**Activity**
Write out all the records exactly, and keep any images out.

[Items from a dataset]
------------------------------------------------
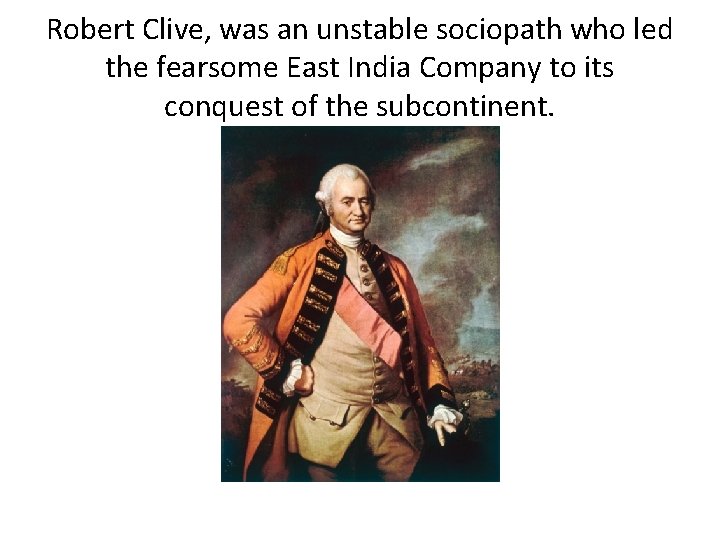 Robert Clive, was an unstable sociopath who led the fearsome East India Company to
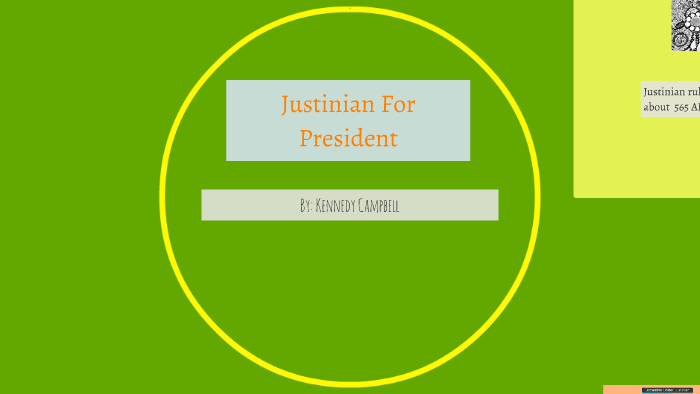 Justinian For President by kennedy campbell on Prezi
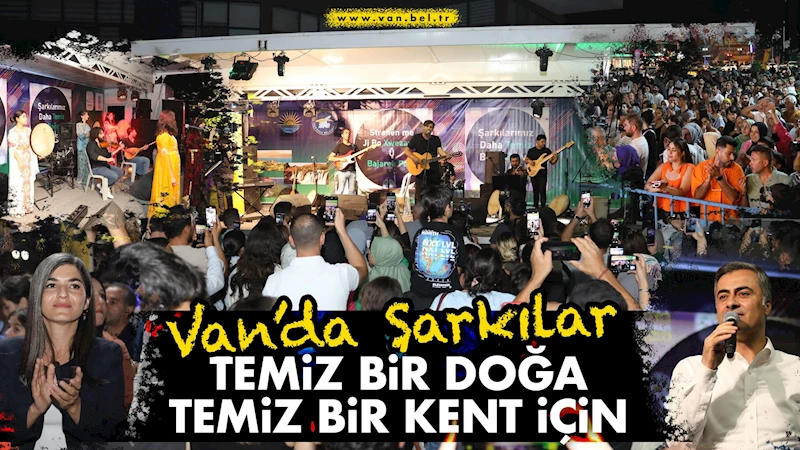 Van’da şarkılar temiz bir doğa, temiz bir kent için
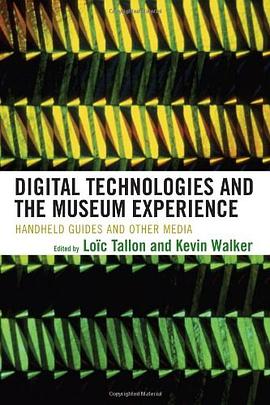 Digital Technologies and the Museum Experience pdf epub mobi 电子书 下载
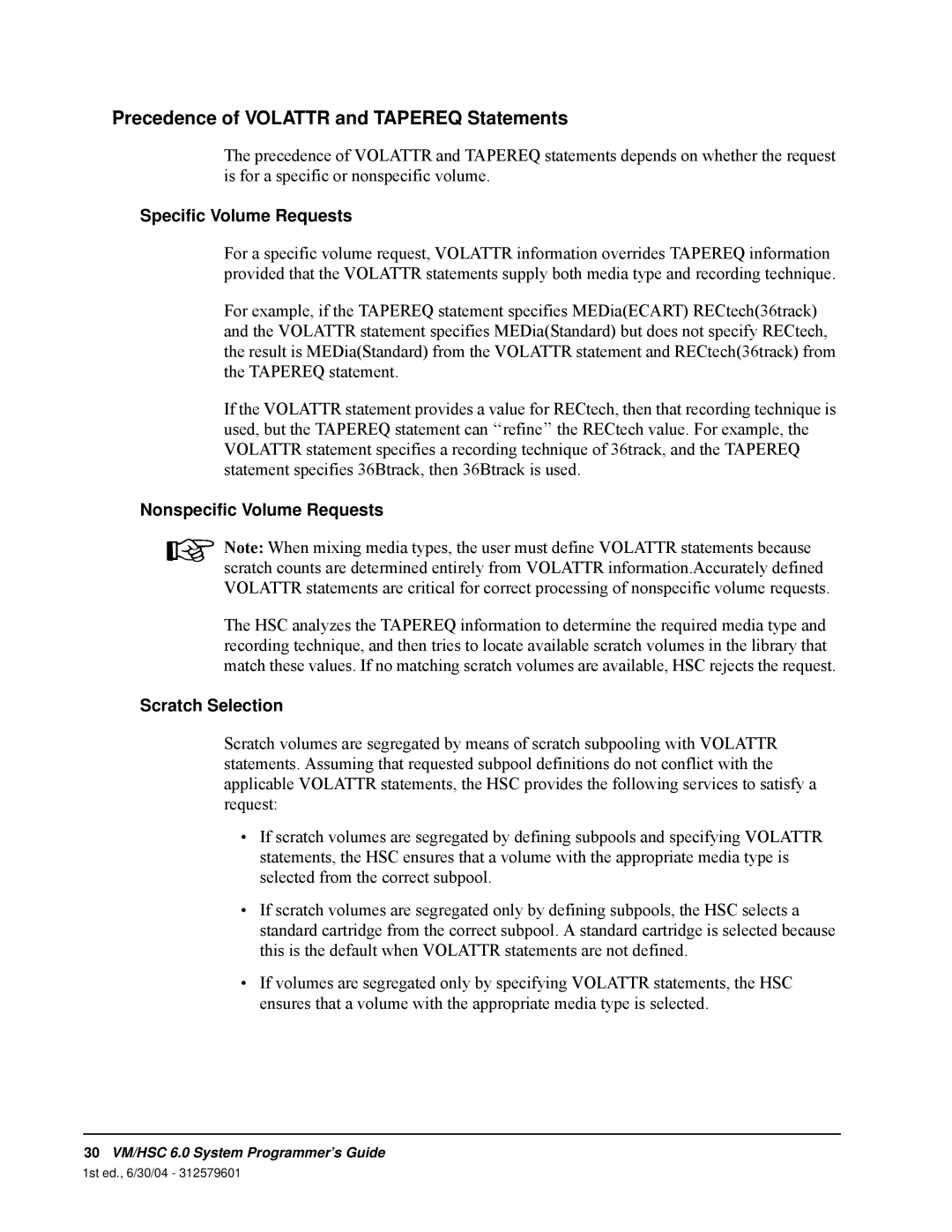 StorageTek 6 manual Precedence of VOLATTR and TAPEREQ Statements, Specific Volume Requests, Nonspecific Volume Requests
------------------------------------------------
**Response**
 Robert Clive, was an unstable sociopath who led the fearsome East India Company to
 Justinian For President by kennedy campbell on Prezi
 Van’da şarkılar temiz bir doğa, temiz bir kent için
 Digital Technologies and the Museum Experience pdf epub mobi 电子书 下载
 StorageTek 6 manual Precedence of VOLATTR and TAPEREQ Statements, Specific Volume Requests, Nonspecific Volume Requests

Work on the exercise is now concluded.